Is there are closed form solution.

As Ben Bolker reminded me in the comments, it depends on what you're willing to allow as "closed form".

What aspects must I consider while working with truncated distributions.

Well, you've restricted the support to an interval so ensure that the set of possibilities you want to consider can fall within such an interval. And also since you started with the log-normal distribution, you should be mindful of the positivity constraint.
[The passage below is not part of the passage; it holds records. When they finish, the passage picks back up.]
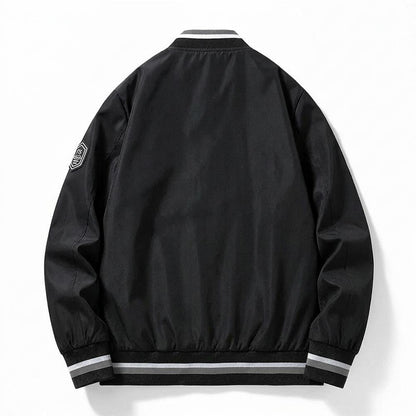 Mens Outlet House - Rolar | Zip-Up Striped-Trim Jacket Men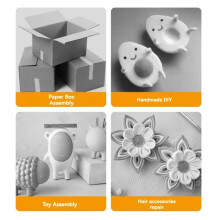 Cordless Hot Melt Glue Gun Child Hand Crafts Home DIY Repair Use 7mm 10 PCS Glue Stick Wireless Glue Gun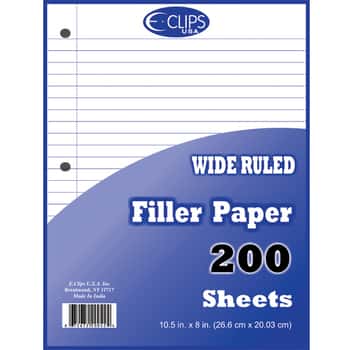 200-Sheet Wide Ruled Lined Paper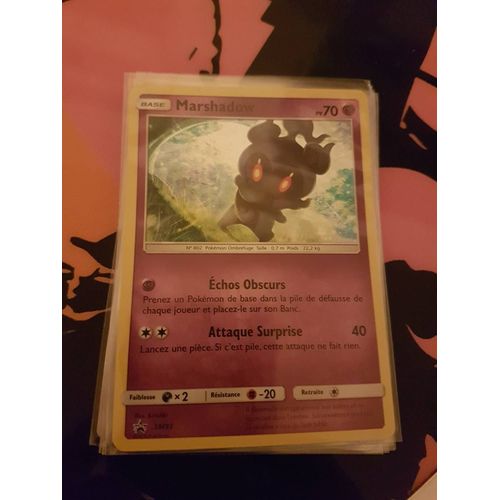Carte Pokemon Marshadow Sm93 Promo Soleil Et Lune Lgendes Brillantes Fr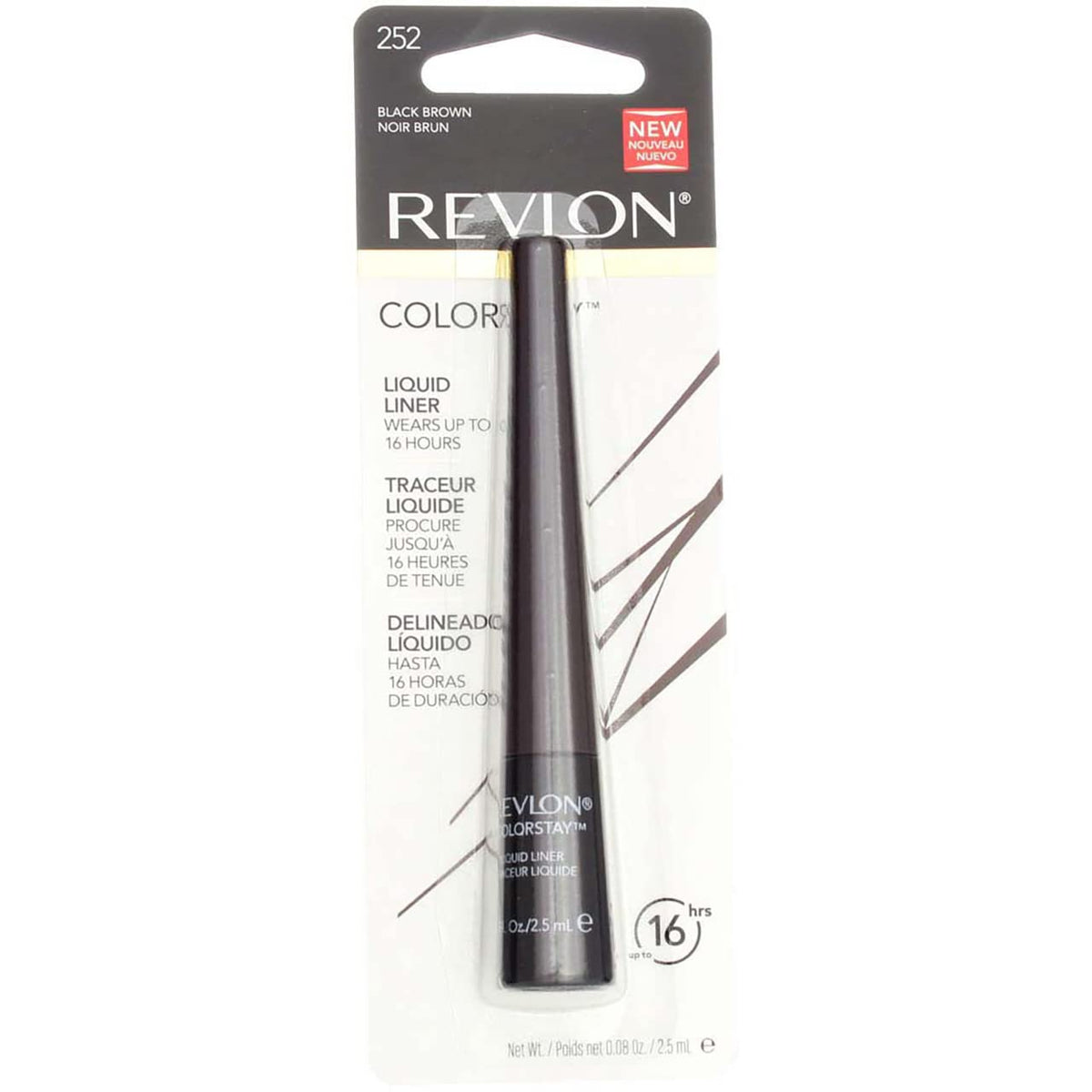 Revlon ColorStay Liquid Liner Eye Makeup, Black-Brown [252], 0.08 oz (Pack of 2) Beauty & Personal Care REVLON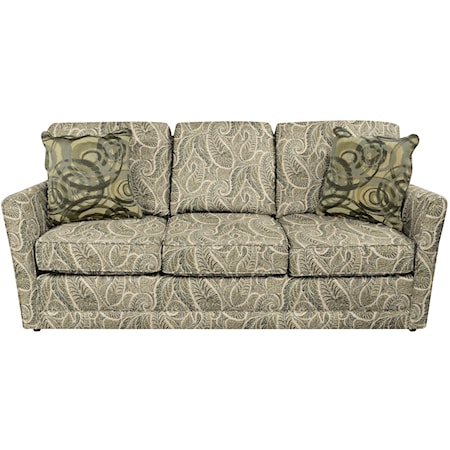 Simple Sofa with Tapered Arms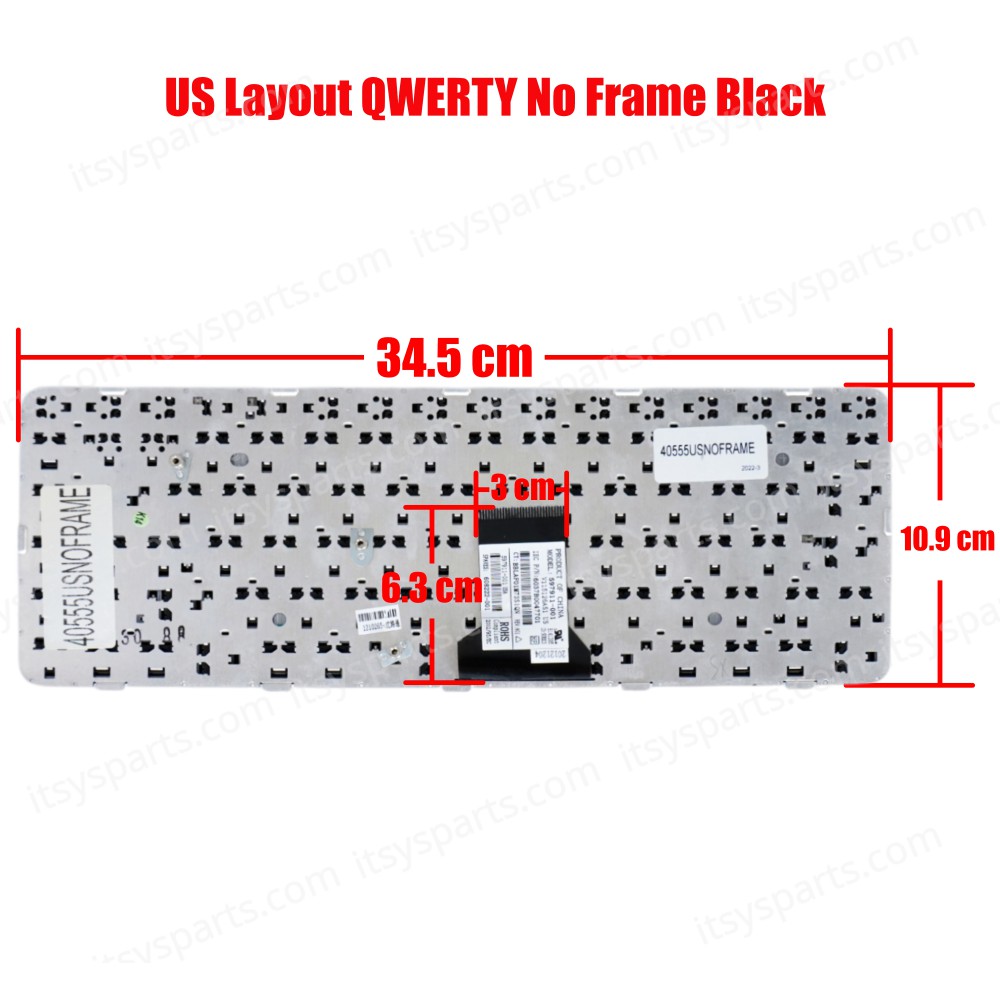 Keyboard Laptop Keyboard HP Pavilion dm4 dm4-1000 608222-001 US Black (Ref.40555USNOFRAME)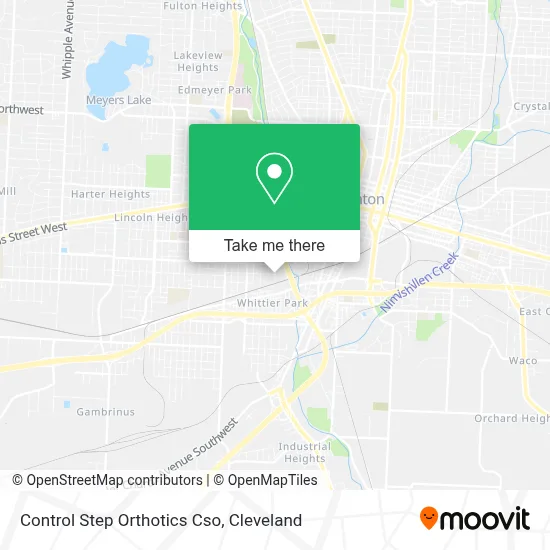 Control Step Orthotics Cso map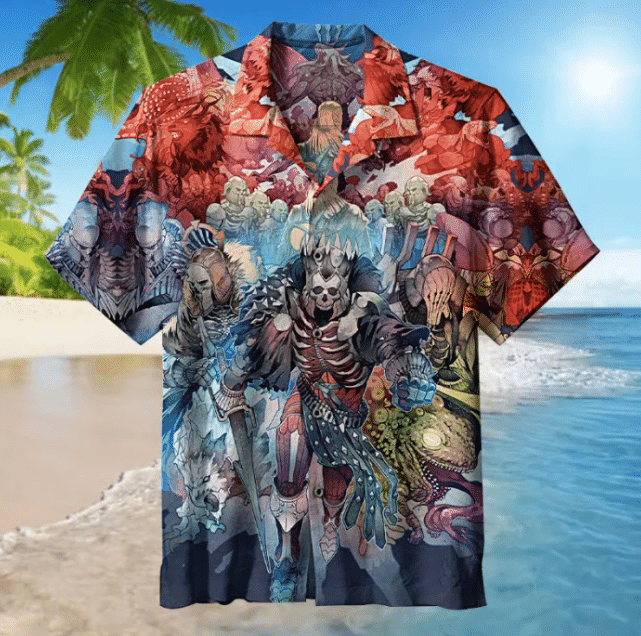 Witcher Lover For Man And Woman Print Short Sleeve Hawaiian Shirt G95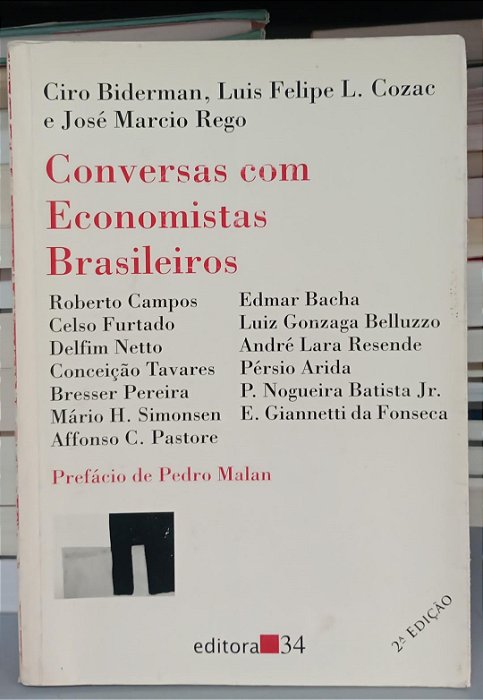 Livro Conversas com Economistas Brasileiros Autor Vários (1997) [usado]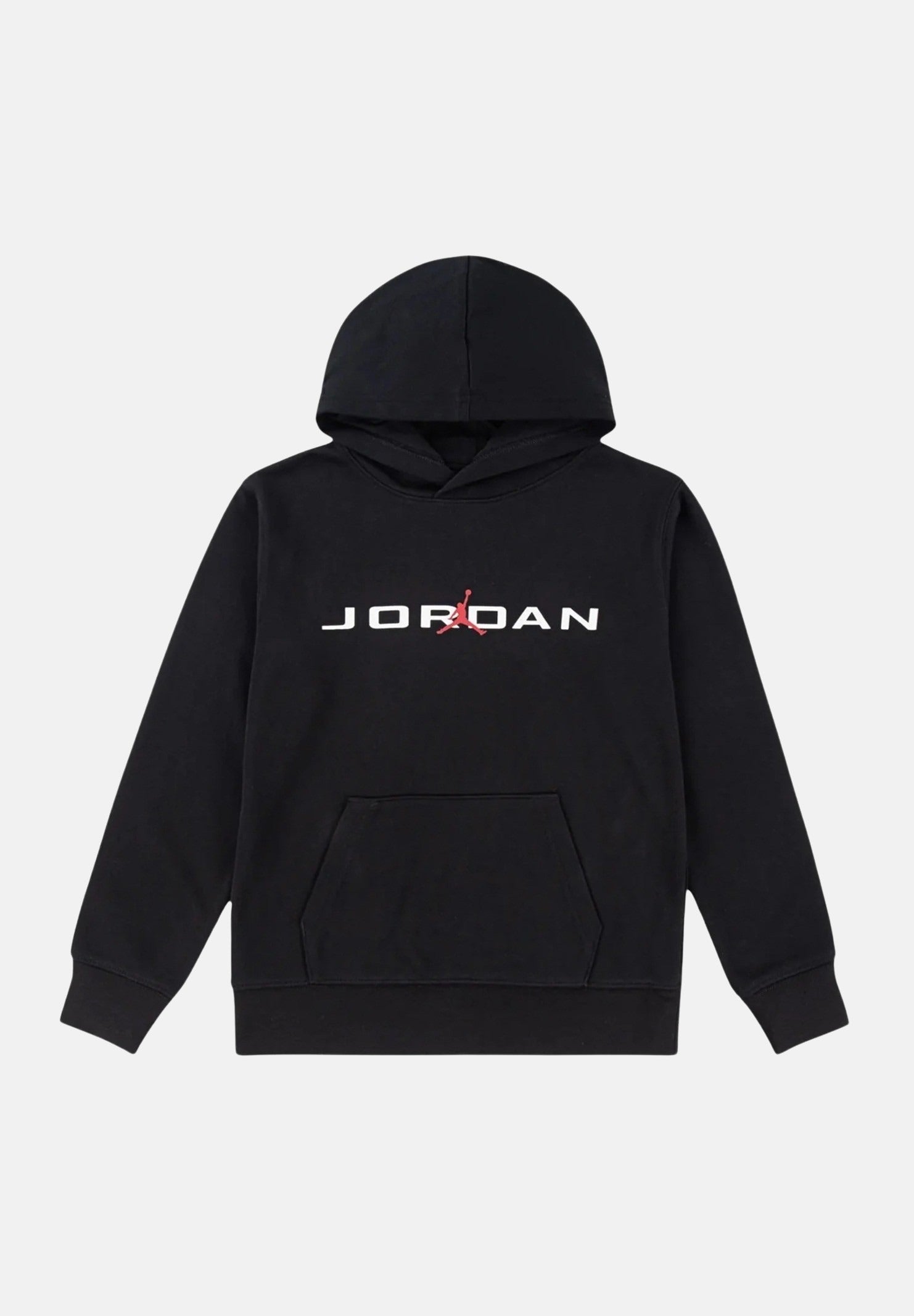 JORDAN Felpa con cappuccio Baseline French Terry nera per bambino e bambina 95D744 023 JORDAN 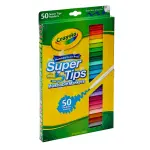 Crayola 50-Count Super Tips Washable Markers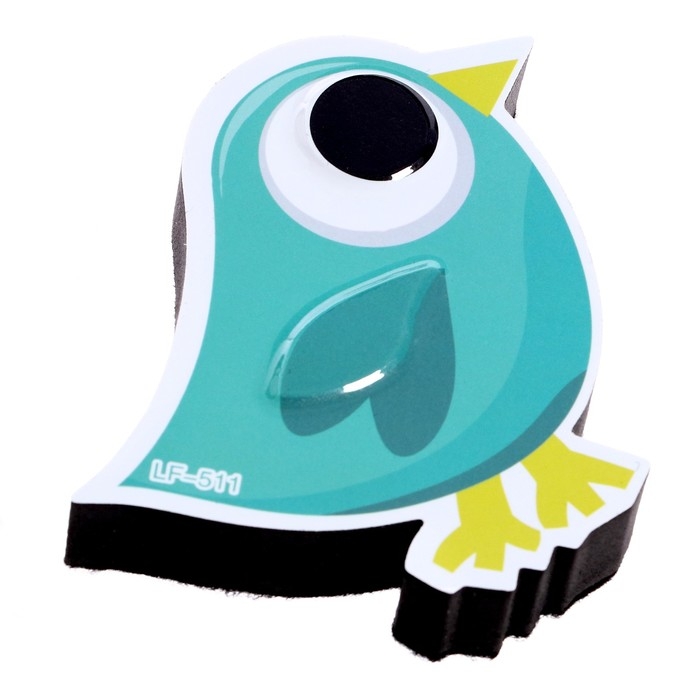 Губка магнитная для маркерной доски «Птичка», 2х10х9 см Губка магнитная для маркерной доски «Птичка», 2х10х9 см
If censoring the data points above the physical limit a senseful thing to do mathematically speaking.

I am not sure I understand this aspect of the question. The upper bound $b$ being a physical limit should mean that you will never observe a measurement above that level. If you're referring to error in measurements leads to violations of the upper bound in the data, then you can attempt to account for that measurement error using something like an errors-in-variables model. But that's beyond the scope of what I was willing to put into this answer.